_EXERCISE DIRECTIONS_
Each line of data below must be printed exactly as written, with any pictures removed.

_SOURCE DATA_
┄┄┄┄┄┄

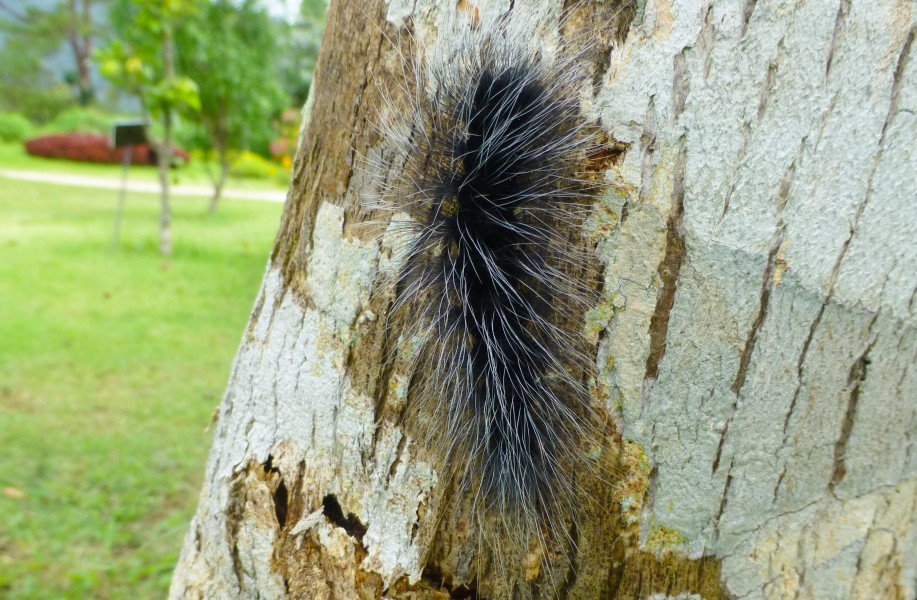 Insects at Queen Sirikit Botanic Garden - Chiang Mai 2013 2502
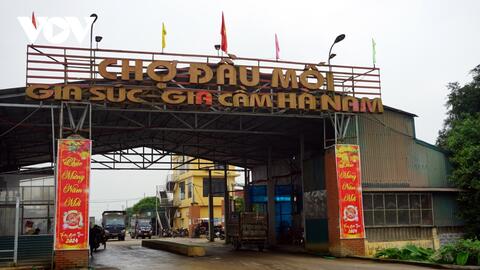 Giá lợn hơi được dự báo sẽ tăng trong dịp nghỉ lễ 30/4 - 1/5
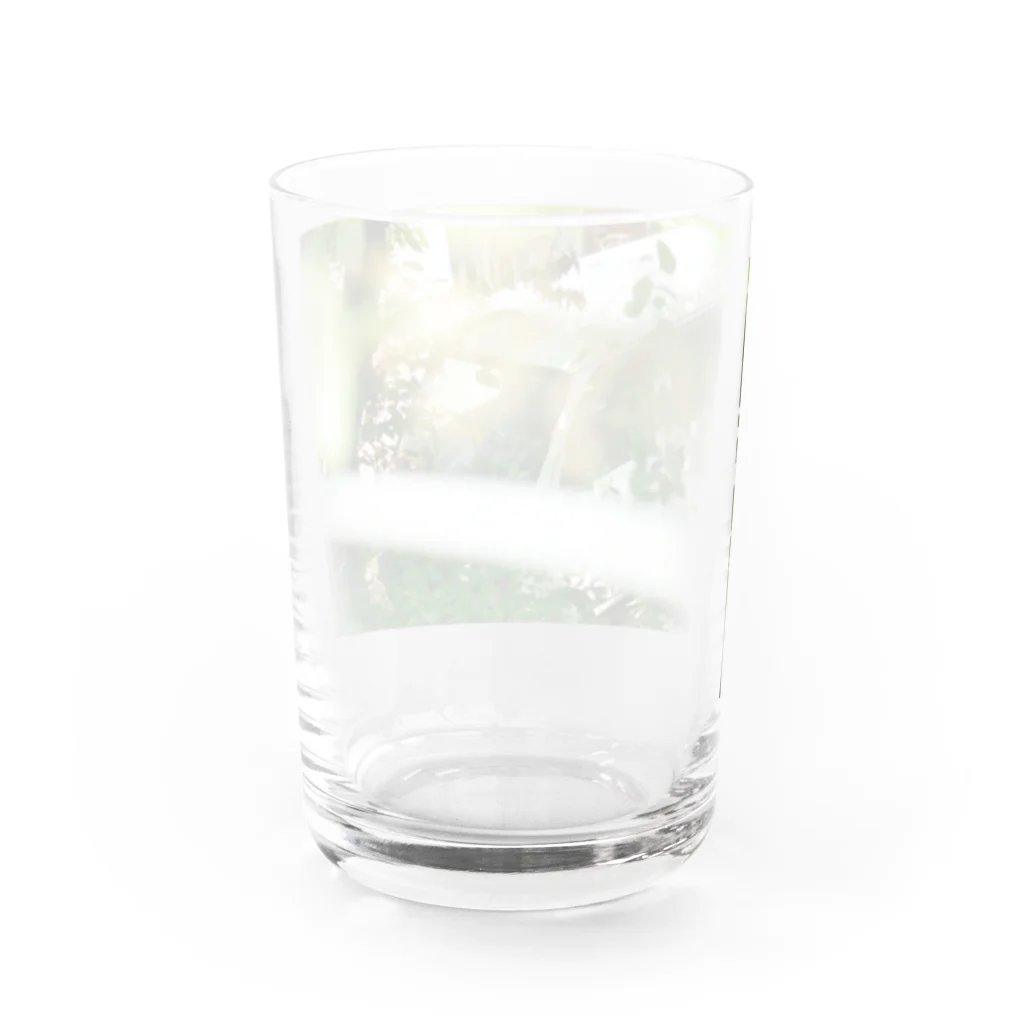 CITY9995の夏休みの散歩中 Water Glass :back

┄┄┄┄┄┄

_RESULT BELOW_
 Insects at Queen Sirikit Botanic Garden - Chiang Mai 2013 2502
 Giá lợn hơi được dự báo sẽ tăng trong dịp nghỉ lễ 30/4 - 1/5
 CITY9995の夏休みの散歩中 Water Glass :back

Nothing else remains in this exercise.